Rabbi Hammerman has it wrong — the law is wrong, and Poland should be boycotted. Why is it that Nazi Germany chose to build a majority of its camps in Poland, as opposed to Norway, Belgium, or Italy? Clearly, Germany sensed that Poles would be amenable to the existence of these camps. It is ludicrous to suggest that 6,700 Polish Righteous Gentiles can override millions of collaborating Poles. Poles made it easy for the Nazis as they turned in their Jewish neighbors and friends. Jan Gross’s work, “Jedwabne,” proves incontrovertibly that Christian Poles forced Jews into a church, burning them all to death. Germans were not present during this action.

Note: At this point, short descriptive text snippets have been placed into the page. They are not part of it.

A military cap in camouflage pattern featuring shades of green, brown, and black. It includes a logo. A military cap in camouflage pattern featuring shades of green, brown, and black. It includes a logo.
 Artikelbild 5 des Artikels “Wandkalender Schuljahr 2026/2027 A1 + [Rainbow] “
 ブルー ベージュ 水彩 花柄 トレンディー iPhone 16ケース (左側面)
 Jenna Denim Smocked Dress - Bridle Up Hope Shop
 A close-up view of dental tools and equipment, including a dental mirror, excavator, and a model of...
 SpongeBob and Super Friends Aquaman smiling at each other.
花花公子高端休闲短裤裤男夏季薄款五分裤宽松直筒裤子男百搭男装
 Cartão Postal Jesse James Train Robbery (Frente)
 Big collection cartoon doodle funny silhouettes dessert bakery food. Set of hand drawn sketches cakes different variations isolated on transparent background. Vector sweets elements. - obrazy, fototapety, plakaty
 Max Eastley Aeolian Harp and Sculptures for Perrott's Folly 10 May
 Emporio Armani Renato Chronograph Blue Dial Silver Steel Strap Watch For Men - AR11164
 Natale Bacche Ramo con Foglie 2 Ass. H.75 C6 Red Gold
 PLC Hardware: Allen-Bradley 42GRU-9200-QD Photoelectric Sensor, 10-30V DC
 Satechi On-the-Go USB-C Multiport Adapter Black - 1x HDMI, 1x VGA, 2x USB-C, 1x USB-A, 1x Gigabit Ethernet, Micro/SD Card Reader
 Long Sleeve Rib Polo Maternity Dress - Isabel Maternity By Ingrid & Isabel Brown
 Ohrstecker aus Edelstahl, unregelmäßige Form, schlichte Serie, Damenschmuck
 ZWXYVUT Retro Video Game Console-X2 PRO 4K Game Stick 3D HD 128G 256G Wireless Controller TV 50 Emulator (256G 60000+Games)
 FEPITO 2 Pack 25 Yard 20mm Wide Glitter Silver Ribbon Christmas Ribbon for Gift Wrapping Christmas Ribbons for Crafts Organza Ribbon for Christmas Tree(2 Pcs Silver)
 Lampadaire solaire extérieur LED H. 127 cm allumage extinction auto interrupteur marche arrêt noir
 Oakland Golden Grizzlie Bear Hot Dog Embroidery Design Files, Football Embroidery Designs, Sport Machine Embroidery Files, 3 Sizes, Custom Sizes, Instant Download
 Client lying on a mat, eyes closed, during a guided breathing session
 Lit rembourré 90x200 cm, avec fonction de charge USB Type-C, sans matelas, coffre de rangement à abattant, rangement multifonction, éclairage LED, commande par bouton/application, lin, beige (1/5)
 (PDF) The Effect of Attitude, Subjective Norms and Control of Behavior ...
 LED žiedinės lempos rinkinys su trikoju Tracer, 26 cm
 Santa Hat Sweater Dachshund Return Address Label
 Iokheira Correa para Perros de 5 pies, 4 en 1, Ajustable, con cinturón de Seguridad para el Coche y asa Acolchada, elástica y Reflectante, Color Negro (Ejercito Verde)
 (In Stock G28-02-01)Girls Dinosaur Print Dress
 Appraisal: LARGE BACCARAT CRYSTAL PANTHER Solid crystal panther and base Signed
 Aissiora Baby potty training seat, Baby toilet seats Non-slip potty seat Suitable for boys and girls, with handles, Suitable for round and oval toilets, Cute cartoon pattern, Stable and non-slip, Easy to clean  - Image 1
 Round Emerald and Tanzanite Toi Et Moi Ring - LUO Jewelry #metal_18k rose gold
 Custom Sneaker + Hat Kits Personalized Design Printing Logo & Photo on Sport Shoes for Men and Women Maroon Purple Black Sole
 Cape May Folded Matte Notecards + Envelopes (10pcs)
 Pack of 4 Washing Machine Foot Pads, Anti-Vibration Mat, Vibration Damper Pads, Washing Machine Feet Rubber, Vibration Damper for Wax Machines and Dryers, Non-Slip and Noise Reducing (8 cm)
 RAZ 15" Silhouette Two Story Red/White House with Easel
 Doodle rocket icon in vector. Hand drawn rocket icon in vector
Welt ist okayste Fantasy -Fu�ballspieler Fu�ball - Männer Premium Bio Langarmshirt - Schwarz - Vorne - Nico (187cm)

Following World War II, some Jews returned to their former homes in Poland, only to be met with vicious hostility from their neighbors, culminating in the Kielce massacre (July 4, 1946). Forty-two Jews were killed by their neighbors. In 1968, as Poland attempted to break away from the tyranny of its Russian oppressors, a mass wave of anti-Semitism gripped the country, spurred on by Minister of Internal Affairs Mieczslaw Moczar. Many Jews were fired from their positions as journalists, teachers, public service workers, and military officers. More than 13,000 Polish Jews fled the country between 1968 and 1970.

Even today, if one were to visit the barracks at Birkenau, a sign indicates that many ethnic groups perished in this camp. If one did not know otherwise, one would conclude that Jews were only a small portion of those who perished in this camp.

Anti-Semitism is alive and well in contemporary Poland. Yes, the right boycott is of Poland.